What to work on: Without skipping a line, reproduce the entries exactly.

Data entries
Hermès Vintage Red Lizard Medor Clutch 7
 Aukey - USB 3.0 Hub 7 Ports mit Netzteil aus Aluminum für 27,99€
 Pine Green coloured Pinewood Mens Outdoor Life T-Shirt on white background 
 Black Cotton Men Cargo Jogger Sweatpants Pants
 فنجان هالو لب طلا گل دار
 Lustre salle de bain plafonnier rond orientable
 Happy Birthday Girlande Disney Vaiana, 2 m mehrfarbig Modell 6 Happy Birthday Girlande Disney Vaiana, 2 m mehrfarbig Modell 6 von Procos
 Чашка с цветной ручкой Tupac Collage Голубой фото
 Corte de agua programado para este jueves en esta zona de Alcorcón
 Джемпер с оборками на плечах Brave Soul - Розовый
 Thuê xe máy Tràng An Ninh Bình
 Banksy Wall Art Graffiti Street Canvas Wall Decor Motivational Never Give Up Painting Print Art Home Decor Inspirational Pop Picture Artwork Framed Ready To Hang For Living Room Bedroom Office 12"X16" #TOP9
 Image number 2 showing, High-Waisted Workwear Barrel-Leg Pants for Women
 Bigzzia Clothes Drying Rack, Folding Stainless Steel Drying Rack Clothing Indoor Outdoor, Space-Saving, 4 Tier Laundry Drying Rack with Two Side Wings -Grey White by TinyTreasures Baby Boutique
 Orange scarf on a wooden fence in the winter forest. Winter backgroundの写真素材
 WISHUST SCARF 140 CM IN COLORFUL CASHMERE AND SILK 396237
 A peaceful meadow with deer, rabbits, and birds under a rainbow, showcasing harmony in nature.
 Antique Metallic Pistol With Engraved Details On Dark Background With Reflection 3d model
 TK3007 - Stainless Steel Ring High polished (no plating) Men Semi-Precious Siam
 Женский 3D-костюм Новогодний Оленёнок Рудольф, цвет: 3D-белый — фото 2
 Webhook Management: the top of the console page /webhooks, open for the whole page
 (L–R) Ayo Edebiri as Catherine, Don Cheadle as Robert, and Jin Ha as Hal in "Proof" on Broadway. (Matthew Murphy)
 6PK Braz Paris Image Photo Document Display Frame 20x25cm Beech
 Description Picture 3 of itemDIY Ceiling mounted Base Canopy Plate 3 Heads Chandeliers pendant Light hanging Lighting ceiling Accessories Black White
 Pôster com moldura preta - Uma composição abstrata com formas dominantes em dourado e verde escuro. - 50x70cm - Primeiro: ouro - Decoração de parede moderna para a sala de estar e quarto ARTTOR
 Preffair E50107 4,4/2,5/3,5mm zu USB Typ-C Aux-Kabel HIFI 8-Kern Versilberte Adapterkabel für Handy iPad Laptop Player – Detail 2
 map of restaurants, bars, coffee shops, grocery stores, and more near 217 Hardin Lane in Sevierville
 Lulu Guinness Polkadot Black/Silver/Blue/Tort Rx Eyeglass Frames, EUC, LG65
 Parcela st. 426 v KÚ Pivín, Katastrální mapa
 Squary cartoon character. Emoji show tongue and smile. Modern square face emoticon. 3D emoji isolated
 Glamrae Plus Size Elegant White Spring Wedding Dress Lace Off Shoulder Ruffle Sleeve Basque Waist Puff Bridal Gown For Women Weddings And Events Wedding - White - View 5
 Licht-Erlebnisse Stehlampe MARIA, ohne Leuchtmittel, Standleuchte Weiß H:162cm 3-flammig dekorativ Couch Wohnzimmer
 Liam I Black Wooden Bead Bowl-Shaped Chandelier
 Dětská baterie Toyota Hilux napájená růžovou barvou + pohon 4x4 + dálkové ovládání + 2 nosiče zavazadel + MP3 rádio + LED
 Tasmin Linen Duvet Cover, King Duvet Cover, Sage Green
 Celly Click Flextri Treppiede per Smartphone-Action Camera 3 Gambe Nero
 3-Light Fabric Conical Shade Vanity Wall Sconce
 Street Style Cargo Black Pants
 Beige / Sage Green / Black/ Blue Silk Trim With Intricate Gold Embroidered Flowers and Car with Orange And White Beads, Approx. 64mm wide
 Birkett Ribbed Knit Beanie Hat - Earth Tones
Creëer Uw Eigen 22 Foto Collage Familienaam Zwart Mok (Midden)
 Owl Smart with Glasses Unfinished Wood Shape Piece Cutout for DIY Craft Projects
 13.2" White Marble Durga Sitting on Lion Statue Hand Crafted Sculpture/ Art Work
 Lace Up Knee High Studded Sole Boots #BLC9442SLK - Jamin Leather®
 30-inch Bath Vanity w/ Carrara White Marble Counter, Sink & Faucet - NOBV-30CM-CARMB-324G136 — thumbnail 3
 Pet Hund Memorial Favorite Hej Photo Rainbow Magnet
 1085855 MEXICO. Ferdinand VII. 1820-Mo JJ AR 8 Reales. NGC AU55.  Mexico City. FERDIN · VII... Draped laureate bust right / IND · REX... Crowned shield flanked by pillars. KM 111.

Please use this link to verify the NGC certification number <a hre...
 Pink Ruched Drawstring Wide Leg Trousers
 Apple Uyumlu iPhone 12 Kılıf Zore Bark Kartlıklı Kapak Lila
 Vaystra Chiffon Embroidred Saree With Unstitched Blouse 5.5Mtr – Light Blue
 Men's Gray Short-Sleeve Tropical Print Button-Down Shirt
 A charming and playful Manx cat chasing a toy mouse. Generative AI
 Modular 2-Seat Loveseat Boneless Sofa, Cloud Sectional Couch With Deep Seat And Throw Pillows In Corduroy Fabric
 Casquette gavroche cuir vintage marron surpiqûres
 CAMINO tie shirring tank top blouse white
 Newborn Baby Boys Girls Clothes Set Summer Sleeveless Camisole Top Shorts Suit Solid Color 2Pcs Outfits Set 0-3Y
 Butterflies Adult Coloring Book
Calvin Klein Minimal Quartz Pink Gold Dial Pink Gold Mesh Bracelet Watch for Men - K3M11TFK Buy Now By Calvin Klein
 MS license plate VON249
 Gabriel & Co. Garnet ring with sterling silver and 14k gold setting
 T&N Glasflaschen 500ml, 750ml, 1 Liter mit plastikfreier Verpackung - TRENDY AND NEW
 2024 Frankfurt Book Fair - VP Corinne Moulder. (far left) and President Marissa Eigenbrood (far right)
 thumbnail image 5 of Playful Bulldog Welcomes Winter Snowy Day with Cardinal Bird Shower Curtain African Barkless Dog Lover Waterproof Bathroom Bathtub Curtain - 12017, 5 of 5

Result:
Hermès Vintage Red Lizard Medor Clutch 7
 Aukey - USB 3.0 Hub 7 Ports mit Netzteil aus Aluminum für 27,99€
 Pine Green coloured Pinewood Mens Outdoor Life T-Shirt on white background 
 Black Cotton Men Cargo Jogger Sweatpants Pants
 فنجان هالو لب طلا گل دار
 Lustre salle de bain plafonnier rond orientable
 Happy Birthday Girlande Disney Vaiana, 2 m mehrfarbig Modell 6 Happy Birthday Girlande Disney Vaiana, 2 m mehrfarbig Modell 6 von Procos
 Чашка с цветной ручкой Tupac Collage Голубой фото
 Corte de agua programado para este jueves en esta zona de Alcorcón
 Джемпер с оборками на плечах Brave Soul - Розовый
 Thuê xe máy Tràng An Ninh Bình
 Banksy Wall Art Graffiti Street Canvas Wall Decor Motivational Never Give Up Painting Print Art Home Decor Inspirational Pop Picture Artwork Framed Ready To Hang For Living Room Bedroom Office 12"X16" #TOP9
 Image number 2 showing, High-Waisted Workwear Barrel-Leg Pants for Women
 Bigzzia Clothes Drying Rack, Folding Stainless Steel Drying Rack Clothing Indoor Outdoor, Space-Saving, 4 Tier Laundry Drying Rack with Two Side Wings -Grey White by TinyTreasures Baby Boutique
 Orange scarf on a wooden fence in the winter forest. Winter backgroundの写真素材
 WISHUST SCARF 140 CM IN COLORFUL CASHMERE AND SILK 396237
 A peaceful meadow with deer, rabbits, and birds under a rainbow, showcasing harmony in nature.
 Antique Metallic Pistol With Engraved Details On Dark Background With Reflection 3d model
 TK3007 - Stainless Steel Ring High polished (no plating) Men Semi-Precious Siam
 Женский 3D-костюм Новогодний Оленёнок Рудольф, цвет: 3D-белый — фото 2
 Webhook Management: the top of the console page /webhooks, open for the whole page
 (L–R) Ayo Edebiri as Catherine, Don Cheadle as Robert, and Jin Ha as Hal in "Proof" on Broadway. (Matthew Murphy)
 6PK Braz Paris Image Photo Document Display Frame 20x25cm Beech
 Description Picture 3 of itemDIY Ceiling mounted Base Canopy Plate 3 Heads Chandeliers pendant Light hanging Lighting ceiling Accessories Black White
 Pôster com moldura preta - Uma composição abstrata com formas dominantes em dourado e verde escuro. - 50x70cm - Primeiro: ouro - Decoração de parede moderna para a sala de estar e quarto ARTTOR
 Preffair E50107 4,4/2,5/3,5mm zu USB Typ-C Aux-Kabel HIFI 8-Kern Versilberte Adapterkabel für Handy iPad Laptop Player – Detail 2
 map of restaurants, bars, coffee shops, grocery stores, and more near 217 Hardin Lane in Sevierville
 Lulu Guinness Polkadot Black/Silver/Blue/Tort Rx Eyeglass Frames, EUC, LG65
 Parcela st. 426 v KÚ Pivín, Katastrální mapa
 Squary cartoon character. Emoji show tongue and smile. Modern square face emoticon. 3D emoji isolated
 Glamrae Plus Size Elegant White Spring Wedding Dress Lace Off Shoulder Ruffle Sleeve Basque Waist Puff Bridal Gown For Women Weddings And Events Wedding - White - View 5
 Licht-Erlebnisse Stehlampe MARIA, ohne Leuchtmittel, Standleuchte Weiß H:162cm 3-flammig dekorativ Couch Wohnzimmer
 Liam I Black Wooden Bead Bowl-Shaped Chandelier
 Dětská baterie Toyota Hilux napájená růžovou barvou + pohon 4x4 + dálkové ovládání + 2 nosiče zavazadel + MP3 rádio + LED
 Tasmin Linen Duvet Cover, King Duvet Cover, Sage Green
 Celly Click Flextri Treppiede per Smartphone-Action Camera 3 Gambe Nero
 3-Light Fabric Conical Shade Vanity Wall Sconce
 Street Style Cargo Black Pants
 Beige / Sage Green / Black/ Blue Silk Trim With Intricate Gold Embroidered Flowers and Car with Orange And White Beads, Approx. 64mm wide
 Birkett Ribbed Knit Beanie Hat - Earth Tones
Creëer Uw Eigen 22 Foto Collage Familienaam Zwart Mok (Midden)
 Owl Smart with Glasses Unfinished Wood Shape Piece Cutout for DIY Craft Projects
 13.2" White Marble Durga Sitting on Lion Statue Hand Crafted Sculpture/ Art Work
 Lace Up Knee High Studded Sole Boots #BLC9442SLK - Jamin Leather®
 30-inch Bath Vanity w/ Carrara White Marble Counter, Sink & Faucet - NOBV-30CM-CARMB-324G136 — thumbnail 3
 Pet Hund Memorial Favorite Hej Photo Rainbow Magnet
 1085855 MEXICO. Ferdinand VII. 1820-Mo JJ AR 8 Reales. NGC AU55.  Mexico City. FERDIN · VII... Draped laureate bust right / IND · REX... Crowned shield flanked by pillars. KM 111.

Please use this link to verify the NGC certification number <a hre...
 Pink Ruched Drawstring Wide Leg Trousers
 Apple Uyumlu iPhone 12 Kılıf Zore Bark Kartlıklı Kapak Lila
 Vaystra Chiffon Embroidred Saree With Unstitched Blouse 5.5Mtr – Light Blue
 Men's Gray Short-Sleeve Tropical Print Button-Down Shirt
 A charming and playful Manx cat chasing a toy mouse. Generative AI
 Modular 2-Seat Loveseat Boneless Sofa, Cloud Sectional Couch With Deep Seat And Throw Pillows In Corduroy Fabric
 Casquette gavroche cuir vintage marron surpiqûres
 CAMINO tie shirring tank top blouse white
 Newborn Baby Boys Girls Clothes Set Summer Sleeveless Camisole Top Shorts Suit Solid Color 2Pcs Outfits Set 0-3Y
 Butterflies Adult Coloring Book
Calvin Klein Minimal Quartz Pink Gold Dial Pink Gold Mesh Bracelet Watch for Men - K3M11TFK Buy Now By Calvin Klein
 MS license plate VON249
 Gabriel & Co. Garnet ring with sterling silver and 14k gold setting
 T&N Glasflaschen 500ml, 750ml, 1 Liter mit plastikfreier Verpackung - TRENDY AND NEW
 2024 Frankfurt Book Fair - VP Corinne Moulder. (far left) and President Marissa Eigenbrood (far right)
 thumbnail image 5 of Playful Bulldog Welcomes Winter Snowy Day with Cardinal Bird Shower Curtain African Barkless Dog Lover Waterproof Bathroom Bathtub Curtain - 12017, 5 of 5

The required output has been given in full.